** RECORDS FOR THIS EXERCISE follows **

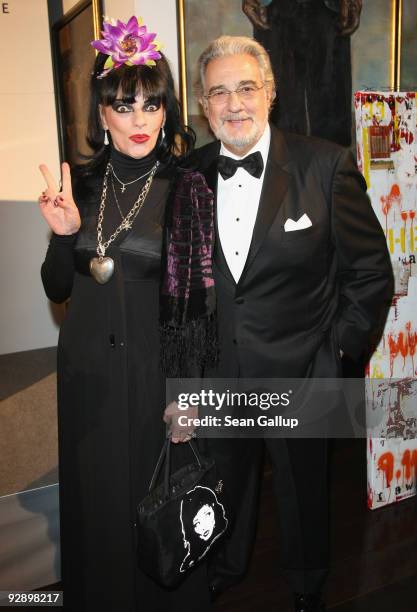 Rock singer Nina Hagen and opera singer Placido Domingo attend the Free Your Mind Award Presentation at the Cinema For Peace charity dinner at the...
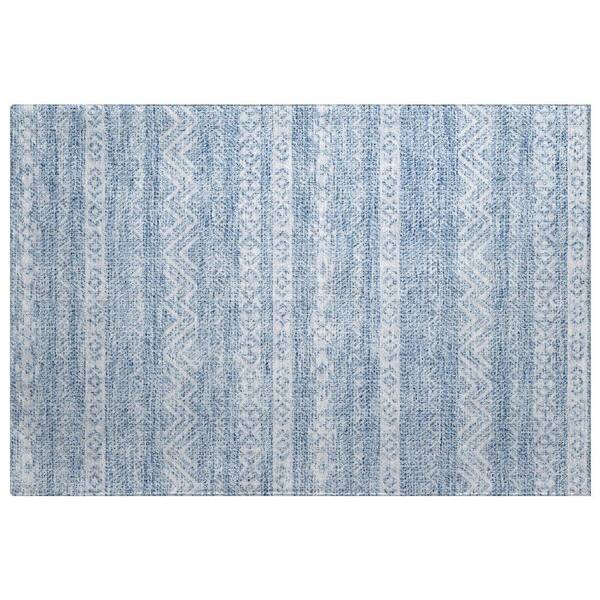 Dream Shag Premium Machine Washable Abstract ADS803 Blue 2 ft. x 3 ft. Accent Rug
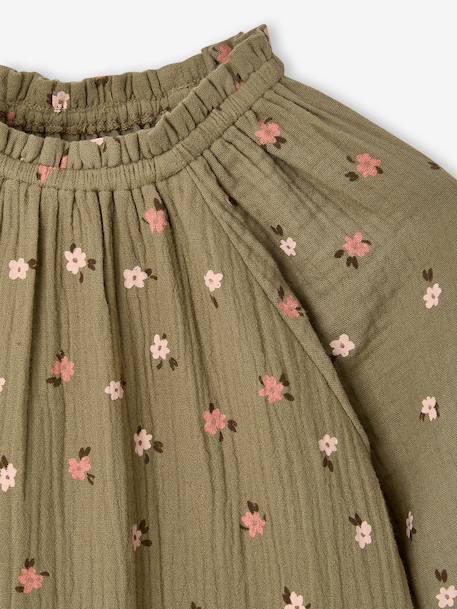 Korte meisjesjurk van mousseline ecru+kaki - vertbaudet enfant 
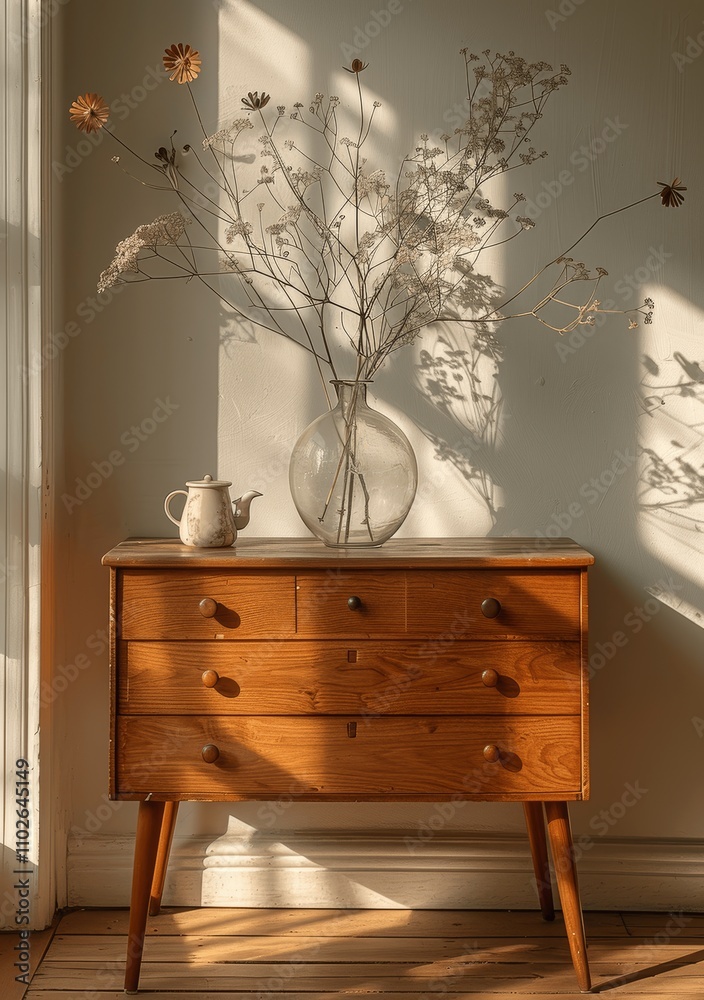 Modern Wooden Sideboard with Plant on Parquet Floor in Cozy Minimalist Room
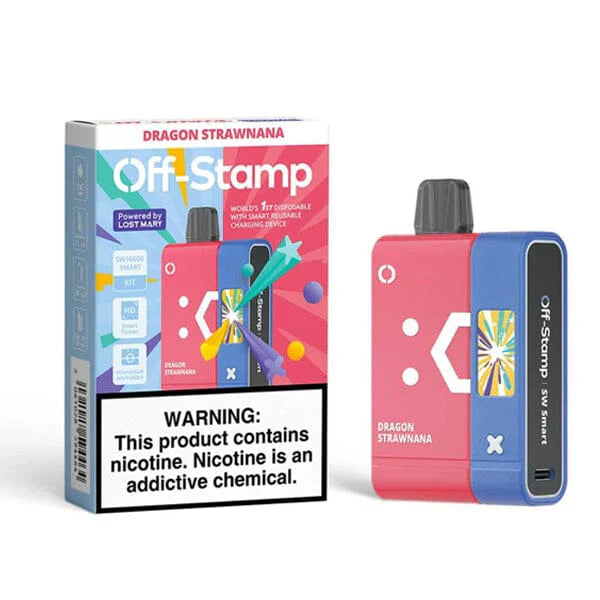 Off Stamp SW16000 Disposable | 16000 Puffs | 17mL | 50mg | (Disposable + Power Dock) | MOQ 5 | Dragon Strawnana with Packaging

** End of RECORDS FOR THIS EXERCISE **
** RECORDS FOR THIS EXERCISE follows **

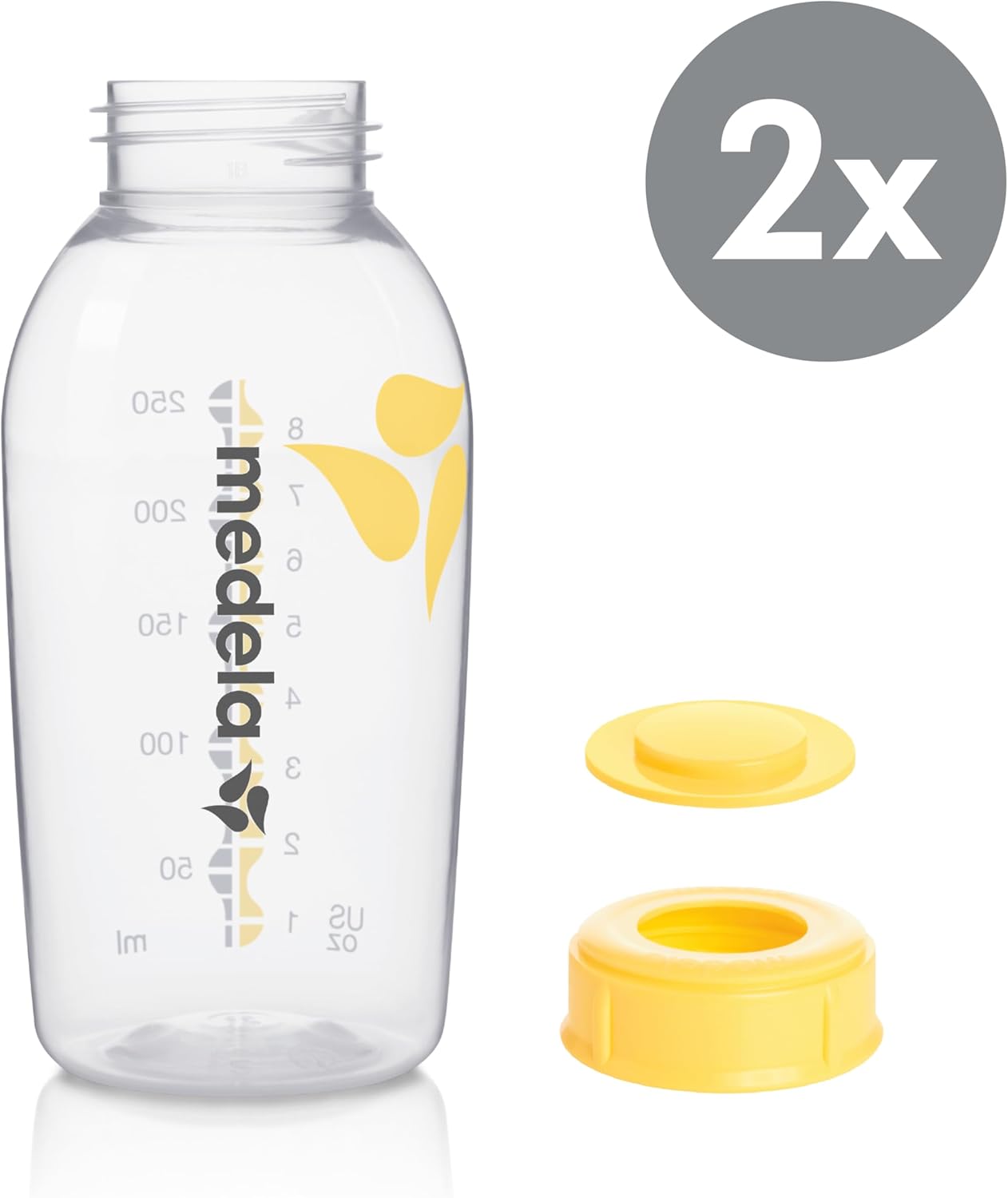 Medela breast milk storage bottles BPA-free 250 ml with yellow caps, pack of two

** End of RECORDS FOR THIS EXERCISE **

WORK TO BE COMPLETED: Please copy out from the data above, without any picture, exactly the lines running from the one that holds "Rock singer Nina" through the one that holds "Dream Shag Premium", and nothing beyond them.

SOLUTION TO THIS TASK:
 Rock singer Nina Hagen and opera singer Placido Domingo attend the Free Your Mind Award Presentation at the Cinema For Peace charity dinner at the...
 Dream Shag Premium Machine Washable Abstract ADS803 Blue 2 ft. x 3 ft. Accent Rug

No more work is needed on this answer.